Supplied records
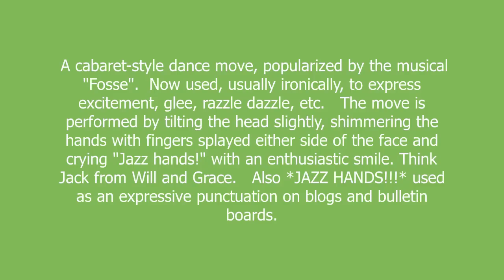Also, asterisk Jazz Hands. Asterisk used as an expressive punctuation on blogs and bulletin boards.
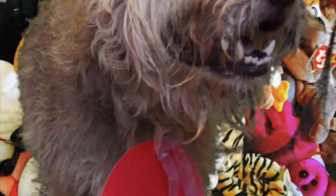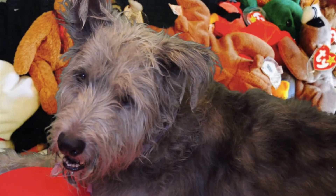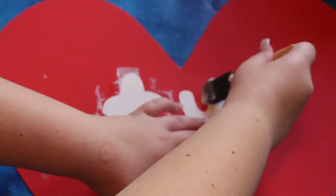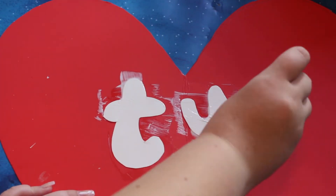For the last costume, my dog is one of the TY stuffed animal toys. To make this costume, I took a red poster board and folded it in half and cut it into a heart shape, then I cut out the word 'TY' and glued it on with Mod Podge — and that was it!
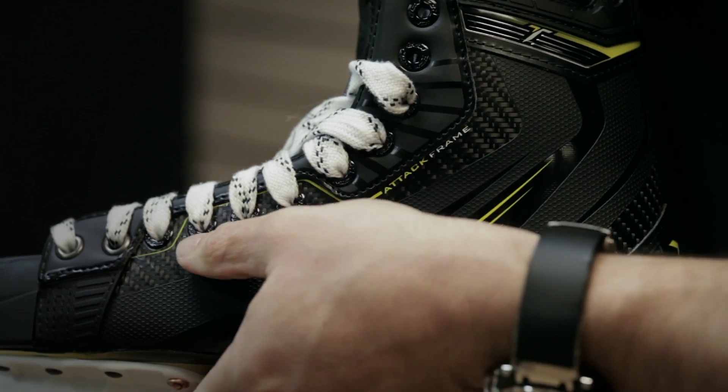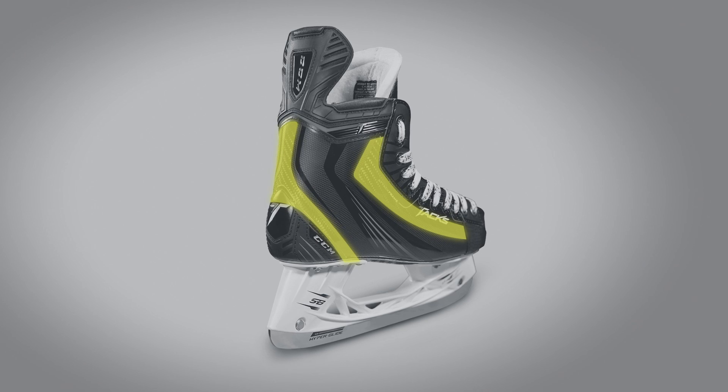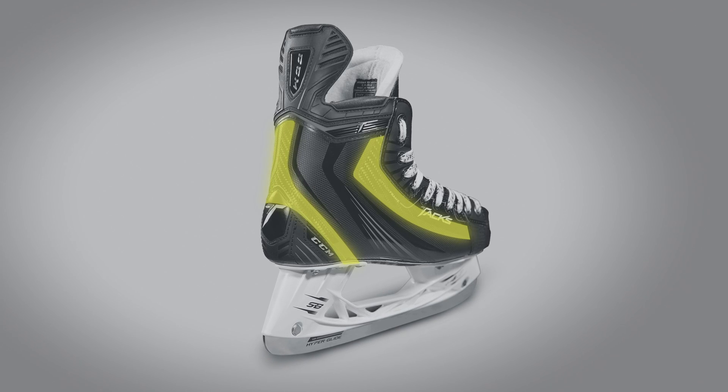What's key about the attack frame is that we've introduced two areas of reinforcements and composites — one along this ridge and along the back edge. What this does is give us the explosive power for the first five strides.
==
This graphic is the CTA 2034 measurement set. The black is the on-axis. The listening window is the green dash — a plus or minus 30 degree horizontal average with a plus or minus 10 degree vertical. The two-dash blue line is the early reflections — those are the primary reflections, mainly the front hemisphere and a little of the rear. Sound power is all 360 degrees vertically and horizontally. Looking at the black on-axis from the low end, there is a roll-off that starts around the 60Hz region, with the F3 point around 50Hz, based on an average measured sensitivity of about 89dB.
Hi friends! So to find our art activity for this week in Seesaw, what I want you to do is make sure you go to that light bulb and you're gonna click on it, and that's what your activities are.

Task
Please print the lines above word for word, starting at the one with "For the last" and ending at the one with "What's key about", both included, and without any picture.

Your response
For the last costume, my dog is one of the TY stuffed animal toys. To make this costume, I took a red poster board and folded it in half and cut it into a heart shape, then I cut out the word 'TY' and glued it on with Mod Podge — and that was it!
What's key about the attack frame is that we've introduced two areas of reinforcements and composites — one along this ridge and along the back edge. What this does is give us the explosive power for the first five strides.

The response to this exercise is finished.